Supreme Court Asked to Intervene in Transgender Student Bathroom Case

by Ahmed Ibrahim

SOUTH CAROLINA, Aug. 02, 2025

South Carolina is asking the Supreme Court to block a federal appeals court order that allows a transgender student to use boys’ bathrooms. The state argues this clashes with its law requiring facilities to align with biological sex, especially after the Court recently upheld Tennessee’s ban on gender treatments for minors.

South Carolina Attorney General Alan Wilson believes the case will be a “death knell” for what he terms the “radical, hard-left agenda.”

  • South Carolina has asked the Supreme Court to pause a ruling allowing a transgender student access to boys’ restrooms.
  • The state law requires school facilities to be based on biological sex.
  • The Supreme Court recently upheld Tennessee’s ban on gender transition treatments for minors.
  • The Fourth Circuit ruled the student should be allowed to use the boys’ restroom pending the lawsuit.

In an emergency filing last week, Wilson and state officials stated the ruling left the Berkeley County School District “stuck between an impossible rock and hard place.”

“I believe that this case in the Fourth Circuit, that could ultimately be decided by the U.S. Supreme Court, will be a death knell in that radical, hard-left agenda,” Wilson said in an interview. “This case is not only about the state’s ability to protect students’ privacy and safety, but it’s about the rights of the students themselves to be secure in their schools.”

South Carolina Attorney General Alan Wilson suggests the Supreme Court should use the United States v. Skrmetti decision to overturn the Fourth Circuit’s ruling.

The State’s Argument

South Carolina argues that the Fourth Circuit’s decision heavily relies on the Grimm v. Gloucester County School Board case. In Grimm, the court found that barring a transgender boy from the boys’ restroom violated the Equal Protection Clause and Title IX.

However, South Carolina officials contend that Grimm is an outdated and “discredited outlier.” They want federal courts to align with the United States v. Skrmetti decision, which favored Tennessee’s ban on gender transition procedures for minors.

Supreme Court trans case

Activists gathered outside the U.S. Supreme Court on December 4, 2024, for the United States v. Skrmetti case.

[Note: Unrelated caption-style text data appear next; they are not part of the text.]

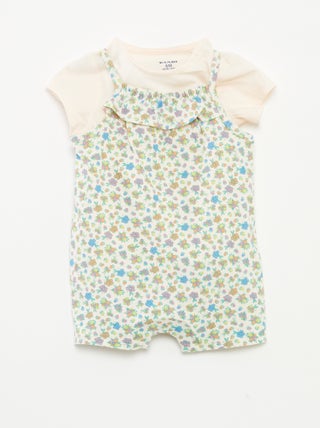 T-shirt + combishort à imprimé fleuri - 2 pièces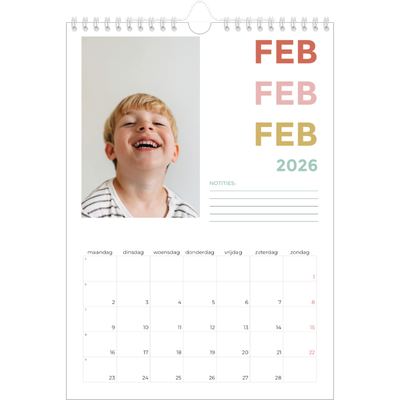 Fotokalender A4 (20 x 30 cm) — Bont gekleurd [Februari]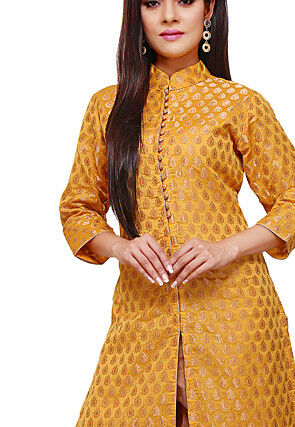Woven Chanderi Silk Front Slit Long Kurta in Yellow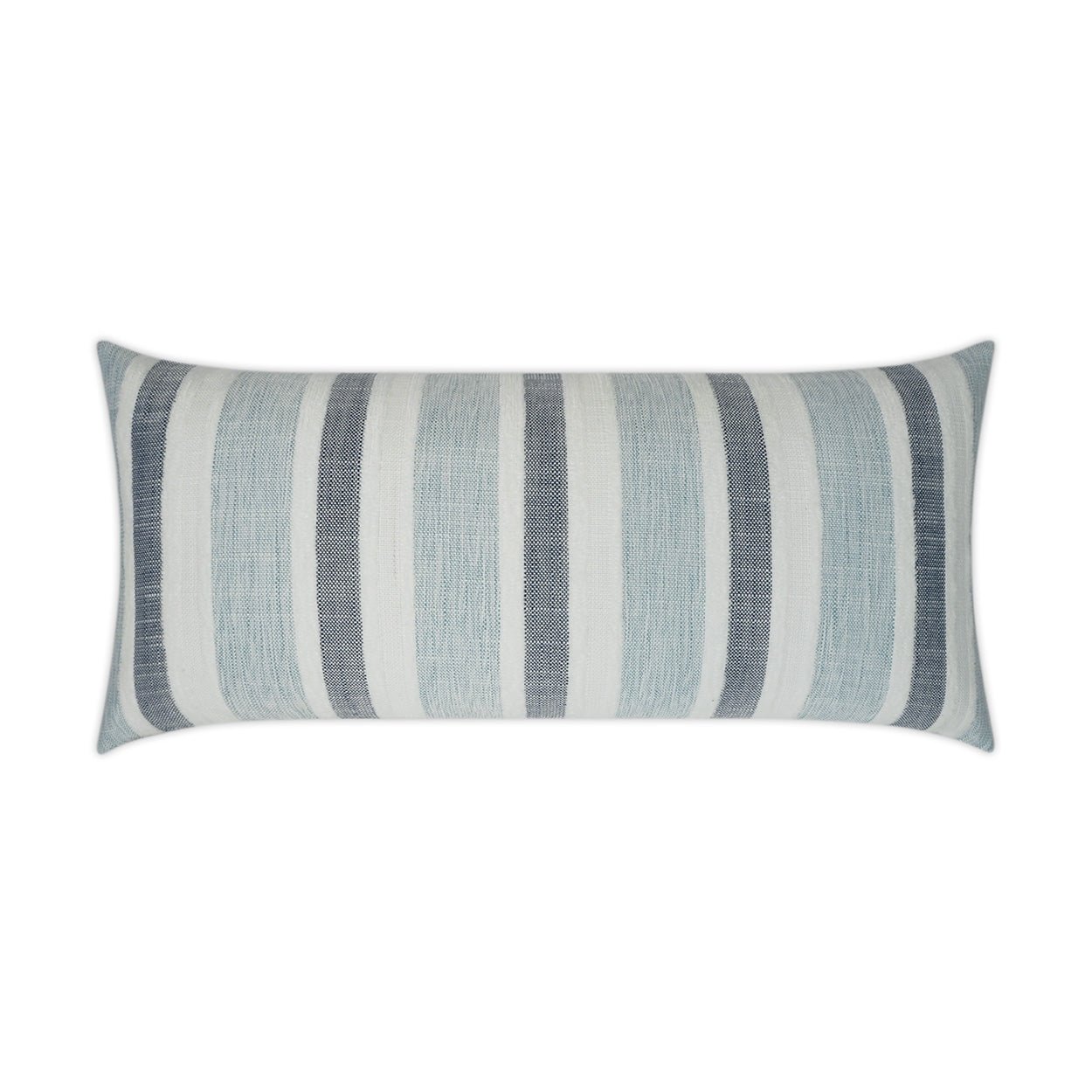Rectangular outdoor lumbar pillow in coastal style with woven striped fabric in navy, light blue and white.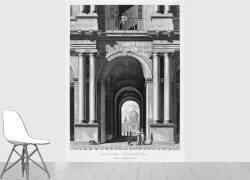 Entrée du Louvre, du côté de la rivière, prise de l'intérieur de la cour (Louis-Pierre Baltard) - Muzeo.com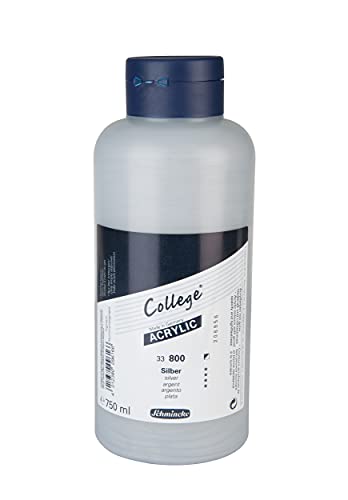 Schmincke - College Acrylic, Silber 750 ml, 33800030, Acrylfarbe mit Künstler-Pigmenten in hoher Konzentration, deckend und lasierend, lichtecht, seidenmatt von Schmincke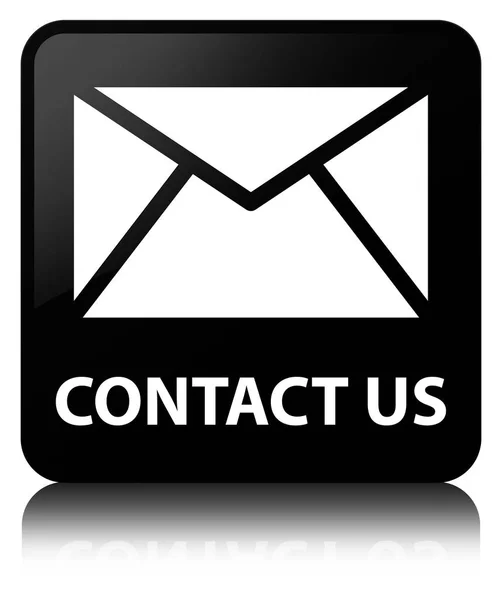 Contattaci (icona e-mail) pulsante quadrato nero — Foto Stock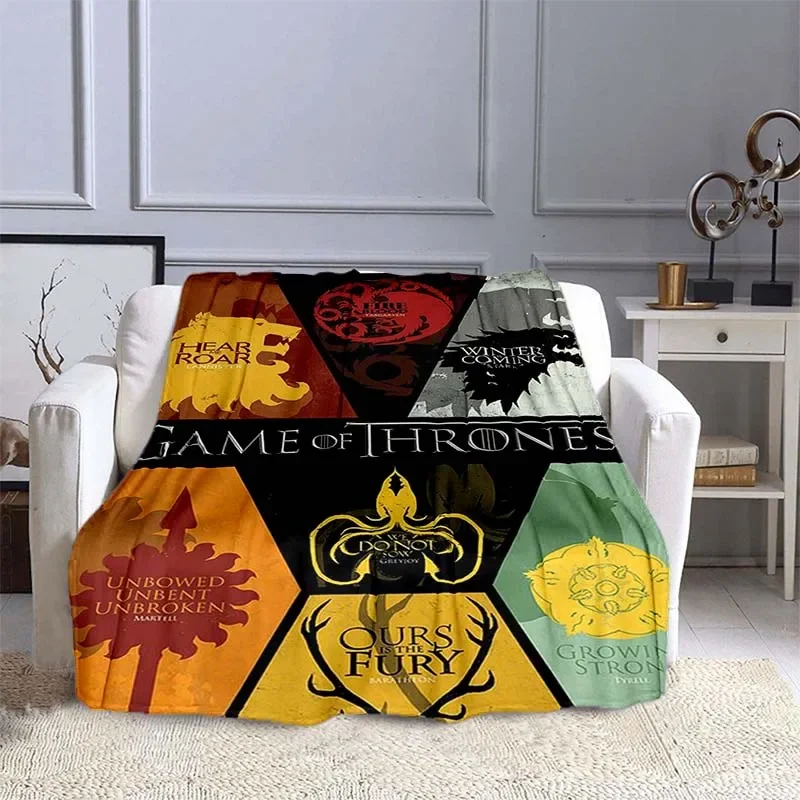 3D Game A Song of Ice and Fire Medieval Throne Power Gift Lunch Blanket Sofa Quilt Home Portable Travel Winter Warm Soft Blanket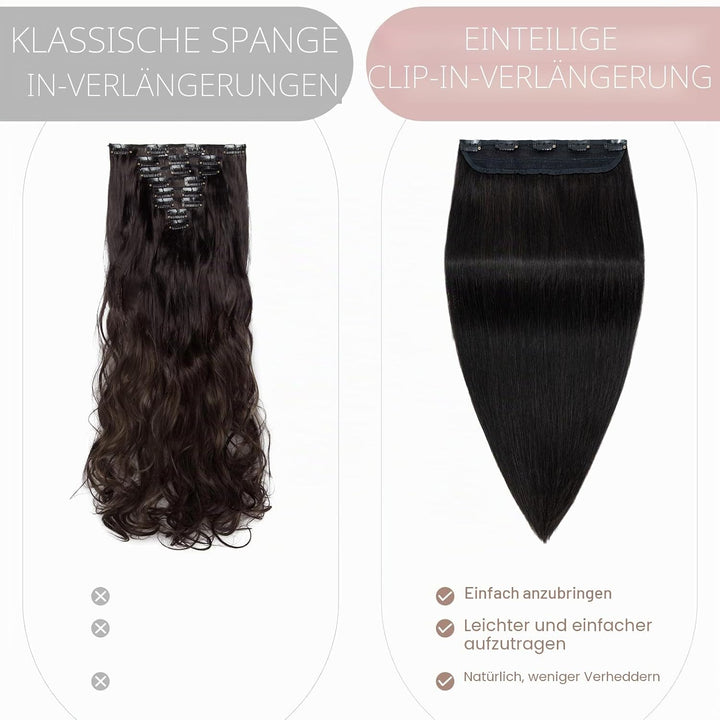 SEGO Haarteil Clip in Extensions Echthaar DICKER Haarverlängerung 1 Tresse 5 Clips Human Hair Glatt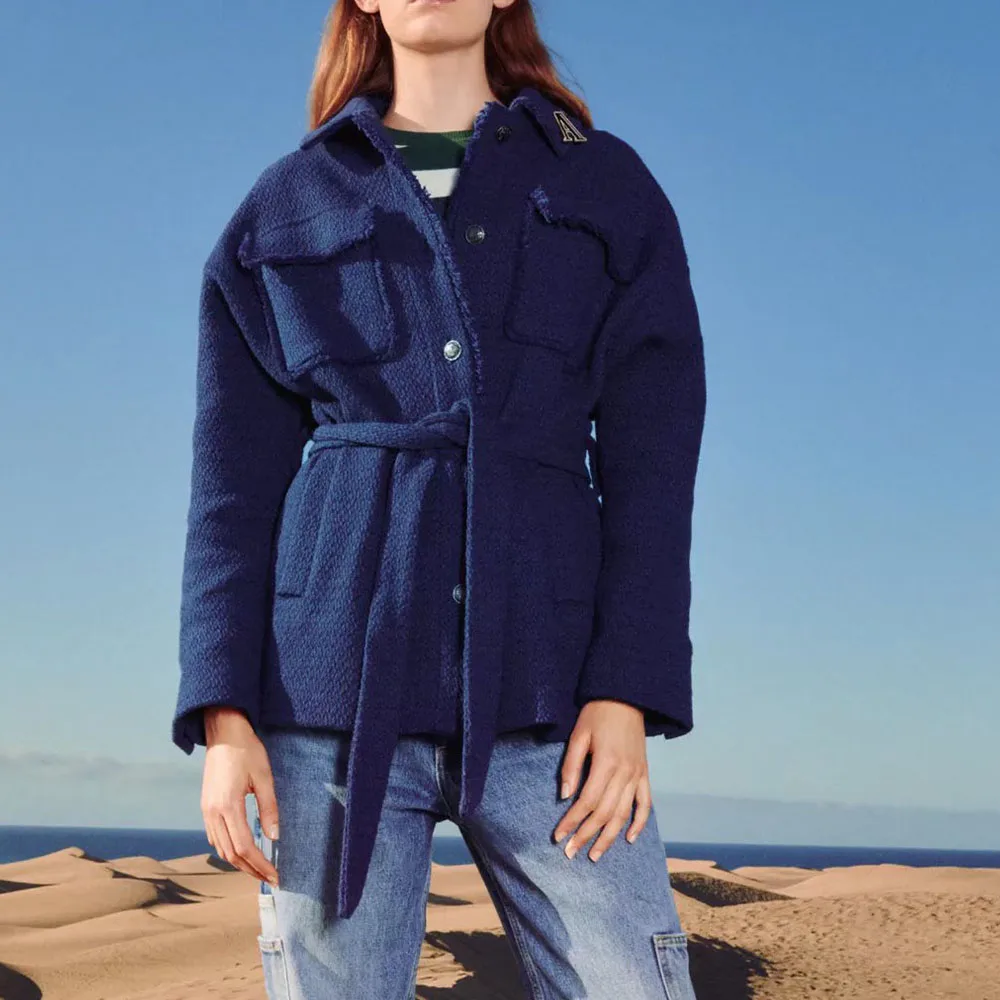 

Za Women 2021 Autumn New Fashion With belt Tweed Jacket Coat Vintage Long Sleeve Flap Pockets Female Outerwear Chic Tops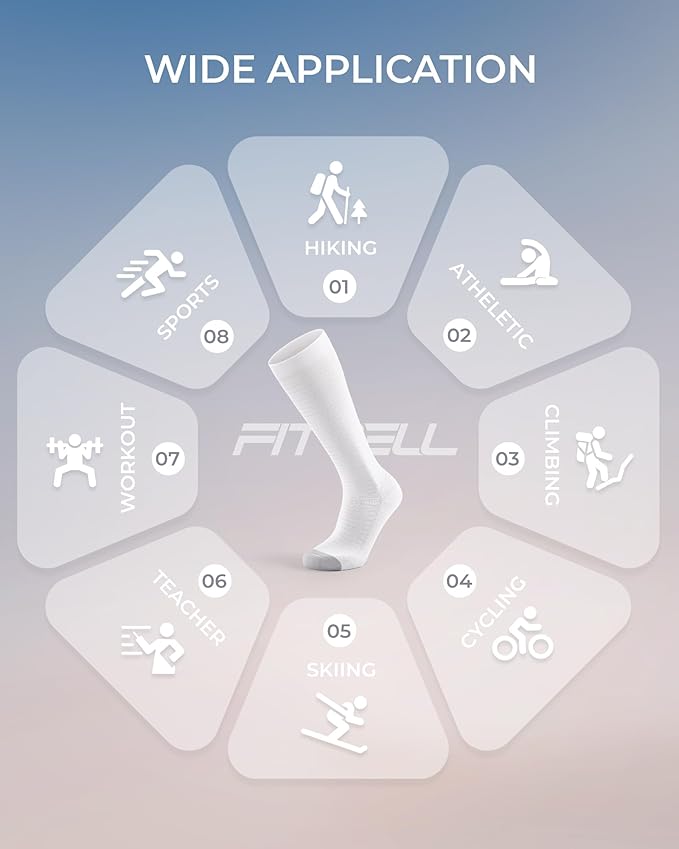 FITRELL 4 Pairs Compression Socks for Women & Men, 15-20mmHg Circulation Support for Athletic Travel Daily Wear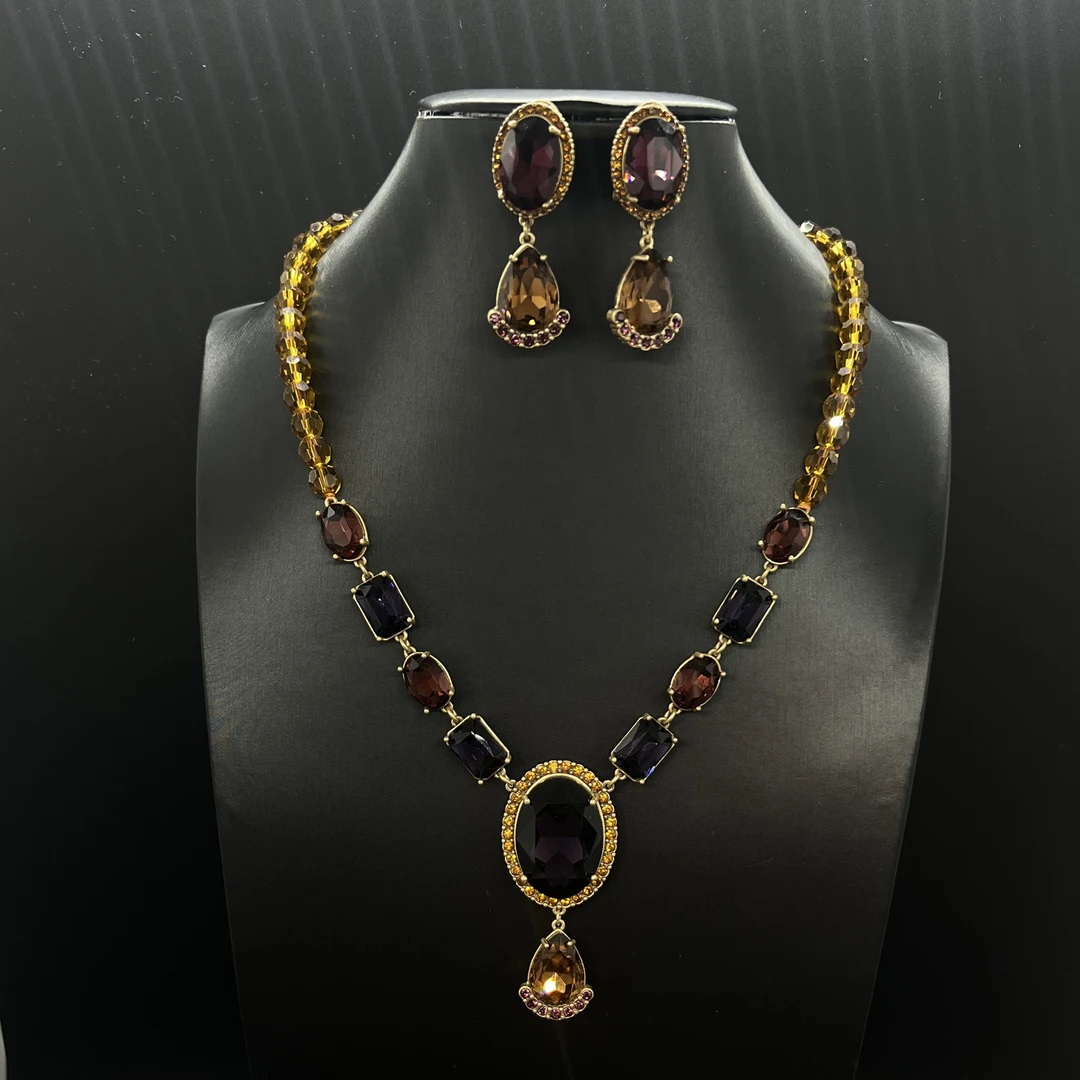 铜合金项链 中古设计师款套装复古优雅宫廷风镶嵌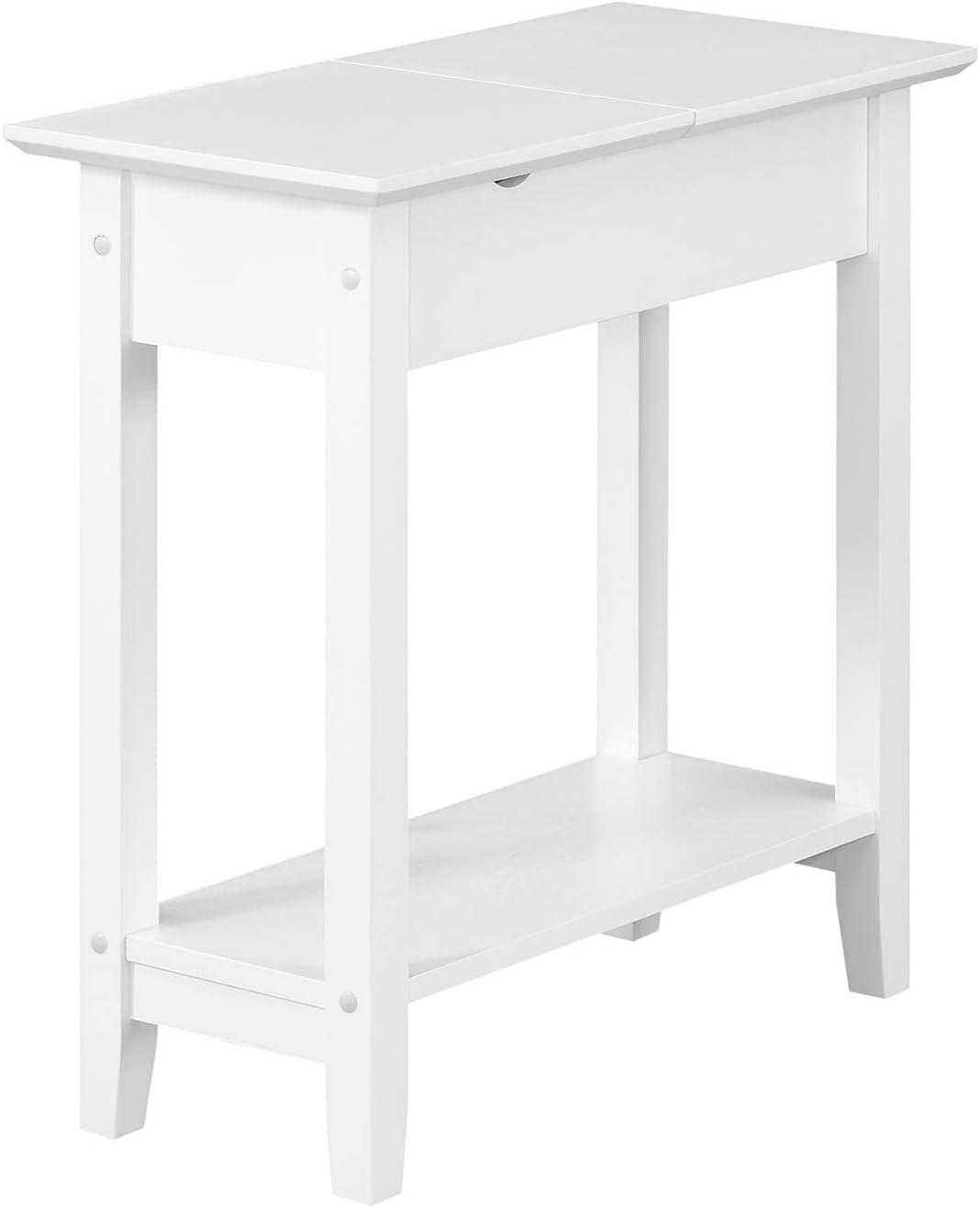 Convenience Concepts American Heritage Flip Top End Table with Charging Station and Shelf, White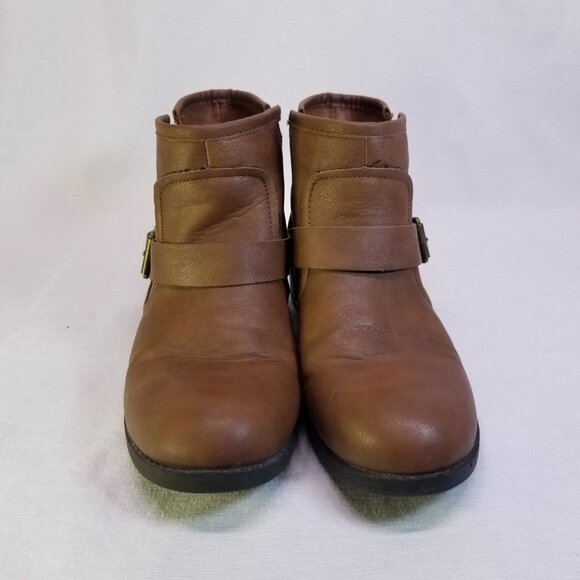 Lexi & Abbie Women's Tan Vegan Leather Ankle Booties Round Toe Size 6 - Picture 2 of 8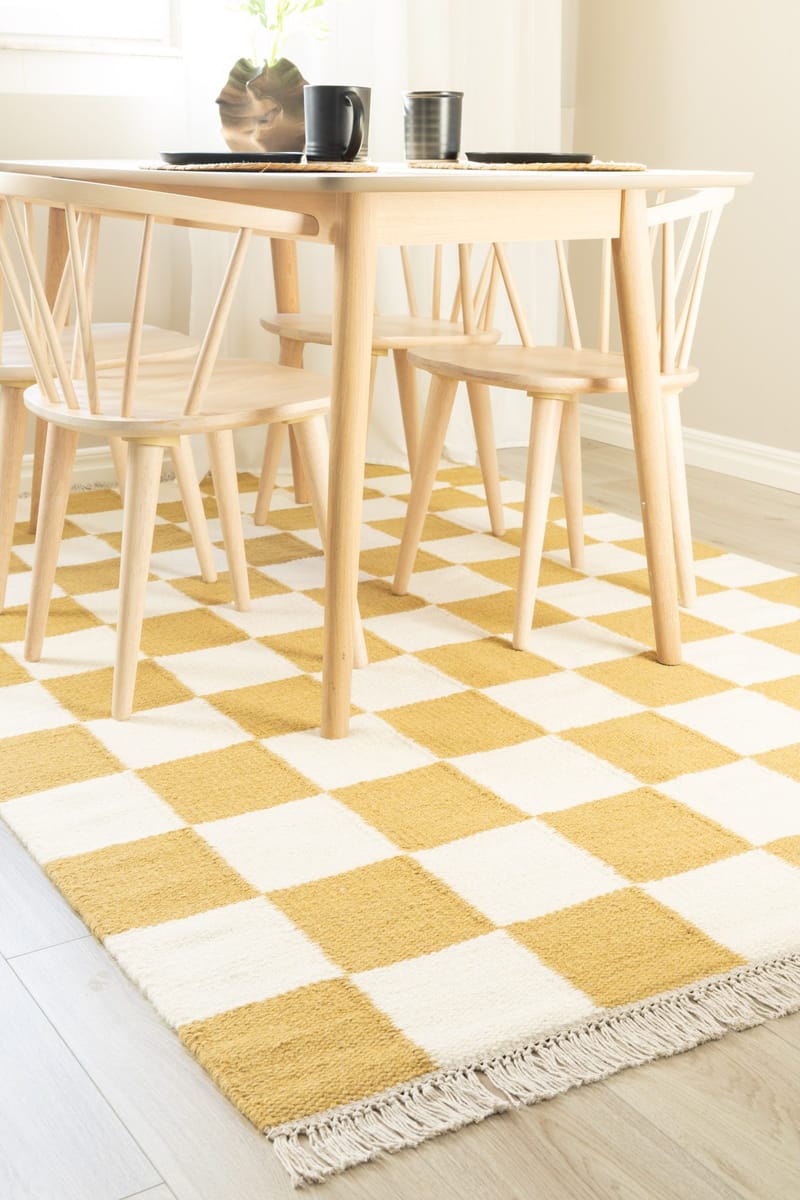 Håndvævet tæppe Nordic Check 240x340 cm - Løvegul - Tekstiler - Tæpper - Moderne tæppe - Uldtæppe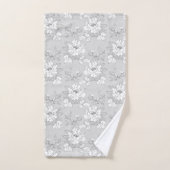 Modern tekening grijs bloemmotief bad handdoek (Handdoek)
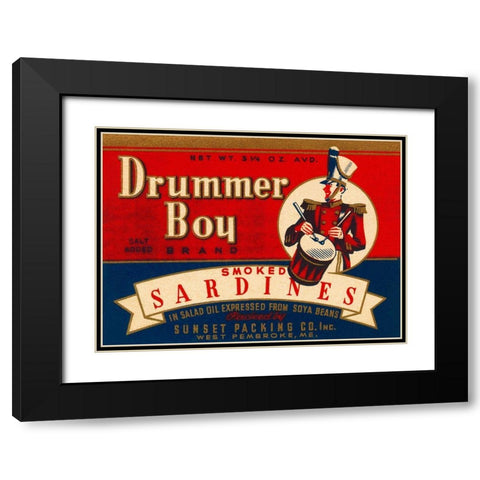 Drummer Boy Smoked Sardines Black Modern Wood Framed Art Print with Double Matting by Retrolabel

“As both this Court and the Fourth Circuit have acknowledged, a primary reason for this biology-rooted convention is the promotion of privacy,” the filing states. “But recent social developments have sought to change that. Over the past fifteen years, the number of children and adolescents experiencing gender dysphoria has skyrocketed.”

South Carolina’s law, enacted in July 2024, warns that school districts could lose 25% of their state Department of Education funding if they allow transgender students to use facilities different from their biological sex.

The student, identified as “John Doe,” and his parents initiated their lawsuit in November 2024.

In January, the Education Department under the Trump administration directed K-12 schools and colleges to interpret Title IX protections strictly based on biological sex. This reversed the Biden administration’s 2024 rule change, which had expanded the definition of “sex” to include gender identity and sexual orientation.

South Carolina AG Alan Wilson with a split image of a restroom sign.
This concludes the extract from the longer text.